Washington state. Democrat Manka Dhingra won the 45th Senate District seat, and so Democrats take control of both chambers of the Washington legislature.
Democrats now control all the legislative chambers and the three executive offices in Washington, Oregon, and California. The entire west coast is blue.
Last night, Trump tried to reassure his low-information base that “we will continue to win, even bigger than before!” Reporter Daniel Daniel notes that Donald Trump made 32 false claims last week, 835 since his inauguration.
Promising his supporters they will be winning bigger than before would count as false claim # 836.
Here’s how sheep with cameras got some tiny islands onto Google Street View:
The pendulum is always swinging the slowest just after reversal. If last night’s election results are any indication, though, it is picking up speed rapidly. The R-team got clubbed like baby seals, coast-to-coast. I suspect that there is a lot of retrenching going on in Republican 2018 campaign committees right now.
The dilemma that a Republican has to face has horns like a bull moose. Run as a Trumper, basking in the diminishing light of his faded glory, or run as an anti-Trumper (A.K.A.: Sane) and get set upon by Trump, Breitbart, and the anarchist smear-merchants as a comm-symp RINO squish. Neither direction has a happy ending, by the look of it. The Trumpers have a demonstrated nasty streak, yet have the same general popularity rating as shingles.
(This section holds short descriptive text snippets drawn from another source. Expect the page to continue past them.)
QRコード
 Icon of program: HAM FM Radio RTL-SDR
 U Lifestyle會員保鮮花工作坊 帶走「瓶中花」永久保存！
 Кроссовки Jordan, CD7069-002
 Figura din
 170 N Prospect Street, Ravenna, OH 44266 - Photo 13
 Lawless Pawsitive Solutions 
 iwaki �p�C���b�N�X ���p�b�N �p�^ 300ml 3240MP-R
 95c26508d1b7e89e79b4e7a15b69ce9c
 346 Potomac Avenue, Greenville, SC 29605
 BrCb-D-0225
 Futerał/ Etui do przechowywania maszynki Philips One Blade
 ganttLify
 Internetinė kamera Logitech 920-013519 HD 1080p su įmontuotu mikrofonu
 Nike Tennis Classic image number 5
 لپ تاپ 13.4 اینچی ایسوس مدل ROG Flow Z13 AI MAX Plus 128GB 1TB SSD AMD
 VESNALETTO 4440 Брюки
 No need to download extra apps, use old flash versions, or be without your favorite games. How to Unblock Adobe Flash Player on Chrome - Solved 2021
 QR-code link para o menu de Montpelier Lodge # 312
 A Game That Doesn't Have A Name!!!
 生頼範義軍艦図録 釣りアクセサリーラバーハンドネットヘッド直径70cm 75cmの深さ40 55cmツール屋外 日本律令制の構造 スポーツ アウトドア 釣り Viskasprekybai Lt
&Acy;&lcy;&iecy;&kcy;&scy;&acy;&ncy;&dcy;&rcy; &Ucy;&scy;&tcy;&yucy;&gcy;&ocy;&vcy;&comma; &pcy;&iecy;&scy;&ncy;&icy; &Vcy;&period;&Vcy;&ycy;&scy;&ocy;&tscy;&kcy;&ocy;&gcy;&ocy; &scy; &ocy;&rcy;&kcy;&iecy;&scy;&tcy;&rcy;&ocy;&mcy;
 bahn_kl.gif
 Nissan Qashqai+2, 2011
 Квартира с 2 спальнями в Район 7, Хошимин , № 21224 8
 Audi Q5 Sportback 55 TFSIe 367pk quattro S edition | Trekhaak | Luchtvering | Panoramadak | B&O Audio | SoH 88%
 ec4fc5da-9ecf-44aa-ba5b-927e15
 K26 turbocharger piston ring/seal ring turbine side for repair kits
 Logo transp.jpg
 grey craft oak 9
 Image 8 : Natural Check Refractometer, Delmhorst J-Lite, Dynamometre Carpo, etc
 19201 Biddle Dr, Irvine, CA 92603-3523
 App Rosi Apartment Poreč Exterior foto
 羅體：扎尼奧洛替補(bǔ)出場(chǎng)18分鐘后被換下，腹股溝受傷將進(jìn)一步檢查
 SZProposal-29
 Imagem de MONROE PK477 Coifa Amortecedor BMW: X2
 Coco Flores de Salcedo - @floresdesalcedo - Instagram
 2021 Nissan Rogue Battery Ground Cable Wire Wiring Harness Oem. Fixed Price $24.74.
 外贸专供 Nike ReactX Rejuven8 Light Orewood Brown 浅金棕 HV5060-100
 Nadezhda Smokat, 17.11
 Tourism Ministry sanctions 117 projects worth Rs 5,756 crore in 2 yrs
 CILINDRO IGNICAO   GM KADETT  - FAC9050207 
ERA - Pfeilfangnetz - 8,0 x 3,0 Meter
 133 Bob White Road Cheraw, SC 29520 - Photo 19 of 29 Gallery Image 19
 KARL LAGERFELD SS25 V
What to do??
I take some hope from last night’s results that a measure of sanity may be returning to our political system. Christie-ism is clearly on the wane in NJ. Maine pushed Obamacare so far up Paul Page’s ass that it is now firmly wedged behind his epiglottis. Perhaps there is hope for Wisco-World as well? I’m daring to dream…
What will really blow the Republican party up, should Kennedy come to his senses and follow thru with his threats, is political Gerrymandering being outlawed. That, if it happens, will be epic.
The gerrymandering challenge is so critical – strangely drawn but partisan districts have allowed Republicans disproportionate power, while simultaneously transforming the GOP into a nativist party. Kennedy has the chance to do something truly right and influential – few people will ever have a chance so significant as his in Gill.
‘The same general popularity rating as shingles’ – yes, closing in on that undesirable metric. There’s a vaccine, I think, for shingles, and the reduction of gerrymandering would work a similar power: an electorate protected from something painful and debilitating.
Ryan, today, after last night’s results, wants to double-down on his tax plan. Good luck. Pelosi lost the speakership and remained minority leader. That probably won’t be true with Ryan – if the House GOP loses (with Ryan retaining his seat), he’ll not likely be minority leader. He’ll be kicked to the curb, and it will have been his own fault for subservience to Trump. Not a single salty tear will be worth shedding.